**Activity:** In the material below, find the line containing "HomeRoots 10' Blue" and the line containing "RARE ENCRIER DE", then reproduce exactly both of them and every line between, and nothing else.

**Exercise inputs:**
━━━━━━━━━━

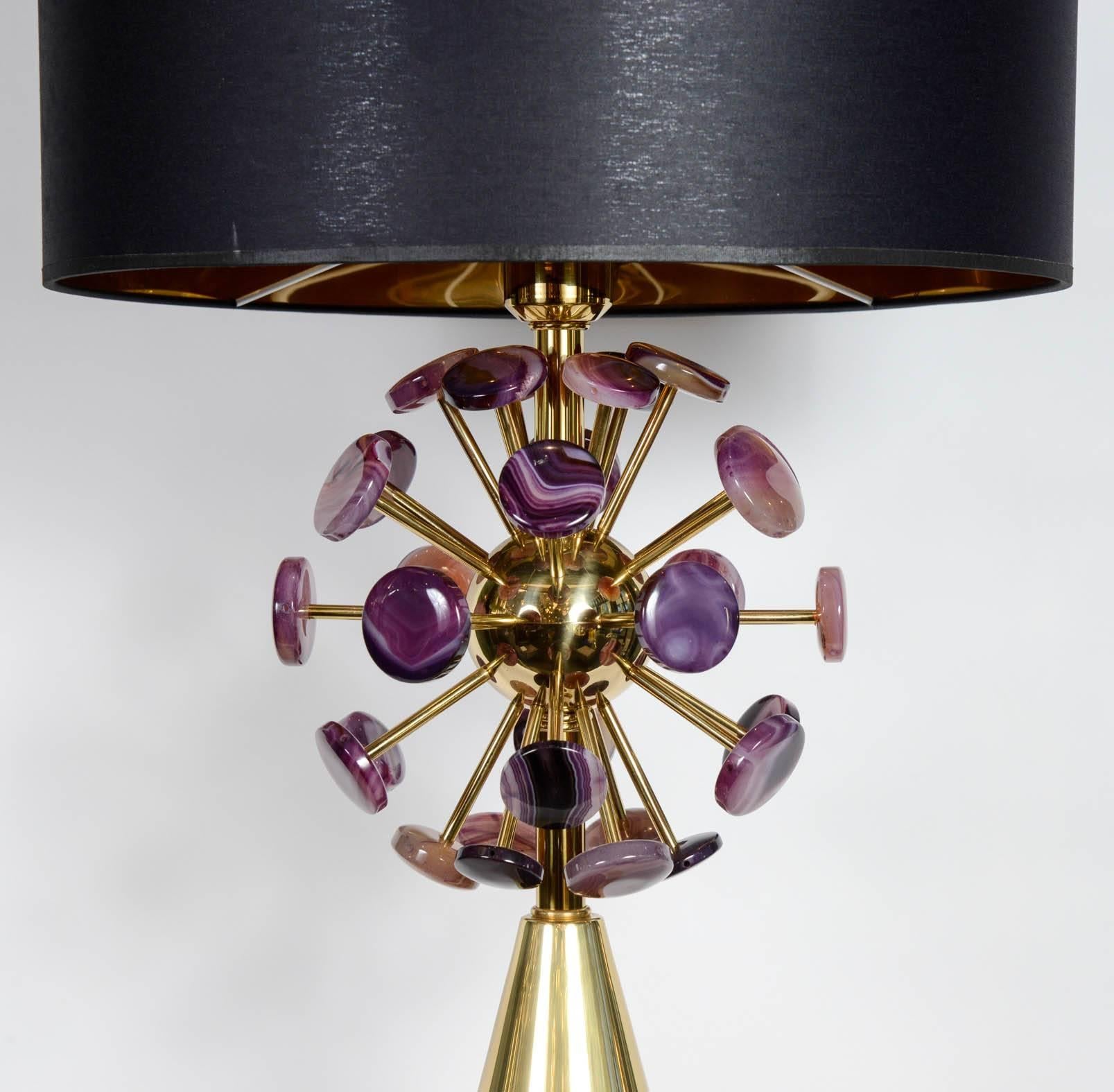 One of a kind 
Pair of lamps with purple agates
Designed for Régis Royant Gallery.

━━━━━━━━━━

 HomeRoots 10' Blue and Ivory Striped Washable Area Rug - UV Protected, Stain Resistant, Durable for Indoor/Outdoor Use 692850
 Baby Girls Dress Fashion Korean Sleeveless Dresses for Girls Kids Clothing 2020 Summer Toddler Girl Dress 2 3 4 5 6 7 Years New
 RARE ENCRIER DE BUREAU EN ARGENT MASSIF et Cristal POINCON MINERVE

━━━━━━━━━━

**Your response:**
 HomeRoots 10' Blue and Ivory Striped Washable Area Rug - UV Protected, Stain Resistant, Durable for Indoor/Outdoor Use 692850
 Baby Girls Dress Fashion Korean Sleeveless Dresses for Girls Kids Clothing 2020 Summer Toddler Girl Dress 2 3 4 5 6 7 Years New
 RARE ENCRIER DE BUREAU EN ARGENT MASSIF et Cristal POINCON MINERVE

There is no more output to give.